Au cours des 12 derniers mois, l'EI a revendiqué plus de 1 100 attaques, faisant au total près de 5 000 victimes dans le monde, selon les données du projet de surveillance du terrorisme lancé la semaine dernière par le Washington Institute for Near East Policy (WINEP).
L'EI-K ne cache pas non plus ses ambitions territoriales. Dans un article paru dans son magazine, le groupe affirme que « le territoire islamique ne s'est jamais limité à l'Afghanistan, mais est bien plus vaste, englobant l'Afrique, du Turkestan oriental au Kazakhstan au Tadjikistan, en passant par l'Ouzbékistan et l'Azerbaïdjan, jusqu'à la Tchétchénie et le Daghestan, et de la Turquie aux pays du Moyen-Orient, au Pakistan, en Inde et au-delà. »

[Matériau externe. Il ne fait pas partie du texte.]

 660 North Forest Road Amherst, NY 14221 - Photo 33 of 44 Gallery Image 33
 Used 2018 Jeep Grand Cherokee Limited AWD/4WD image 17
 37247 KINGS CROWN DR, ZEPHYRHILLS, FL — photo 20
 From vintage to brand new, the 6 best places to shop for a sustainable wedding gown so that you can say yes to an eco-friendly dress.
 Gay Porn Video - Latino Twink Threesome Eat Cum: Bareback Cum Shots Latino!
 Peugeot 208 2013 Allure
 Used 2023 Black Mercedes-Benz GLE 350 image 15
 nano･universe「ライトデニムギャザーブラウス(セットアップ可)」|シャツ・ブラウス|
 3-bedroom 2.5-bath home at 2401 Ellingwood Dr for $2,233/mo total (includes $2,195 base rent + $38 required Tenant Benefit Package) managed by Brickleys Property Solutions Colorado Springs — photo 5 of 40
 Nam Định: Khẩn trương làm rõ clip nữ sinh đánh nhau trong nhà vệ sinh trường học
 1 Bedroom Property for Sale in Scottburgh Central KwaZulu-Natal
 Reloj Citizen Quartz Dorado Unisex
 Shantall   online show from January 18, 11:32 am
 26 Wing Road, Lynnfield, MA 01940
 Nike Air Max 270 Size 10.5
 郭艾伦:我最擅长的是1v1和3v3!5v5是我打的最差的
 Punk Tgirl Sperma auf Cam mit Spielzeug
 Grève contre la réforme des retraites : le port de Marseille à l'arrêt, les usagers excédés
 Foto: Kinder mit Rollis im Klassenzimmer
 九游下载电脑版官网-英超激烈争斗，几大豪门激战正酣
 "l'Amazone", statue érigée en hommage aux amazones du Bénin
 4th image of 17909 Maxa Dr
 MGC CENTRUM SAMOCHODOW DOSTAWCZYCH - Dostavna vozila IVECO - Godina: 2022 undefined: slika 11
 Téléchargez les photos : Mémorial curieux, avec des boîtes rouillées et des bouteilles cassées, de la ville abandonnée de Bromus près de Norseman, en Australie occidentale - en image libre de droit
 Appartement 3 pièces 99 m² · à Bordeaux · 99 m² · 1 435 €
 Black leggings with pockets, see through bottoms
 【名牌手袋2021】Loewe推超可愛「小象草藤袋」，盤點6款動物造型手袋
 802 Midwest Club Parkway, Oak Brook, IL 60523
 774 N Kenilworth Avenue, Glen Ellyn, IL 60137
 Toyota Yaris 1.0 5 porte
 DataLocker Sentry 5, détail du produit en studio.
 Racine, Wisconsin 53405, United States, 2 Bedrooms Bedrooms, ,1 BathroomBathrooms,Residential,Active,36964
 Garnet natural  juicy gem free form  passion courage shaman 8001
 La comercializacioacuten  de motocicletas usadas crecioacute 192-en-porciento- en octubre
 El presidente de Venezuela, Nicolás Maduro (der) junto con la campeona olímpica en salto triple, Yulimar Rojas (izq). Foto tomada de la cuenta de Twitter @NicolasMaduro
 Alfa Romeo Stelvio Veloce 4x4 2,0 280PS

« Les talibans sont la seule force à affronter l'EI-K en Afghanistan, mais ils peinent à diriger le pays », a déclaré Colin Clarke, chercheur principal au Soufan Center, basé à New York. « Les talibans sont une insurrection victorieuse, mais ils semblent moins efficaces face aux autres insurgés. »
Clark a averti que l'ISIS-K représentait une « menace significative » et que les attaques menées depuis le Moyen-Orient vers l'Europe montraient que le groupe « dispose toujours des ressources et de la capacité de complot pour exécuter ses actes ».
« Malheureusement, nous devons nous préparer à la possibilité qu'il y ait d'autres complots terroristes », a déclaré le responsable.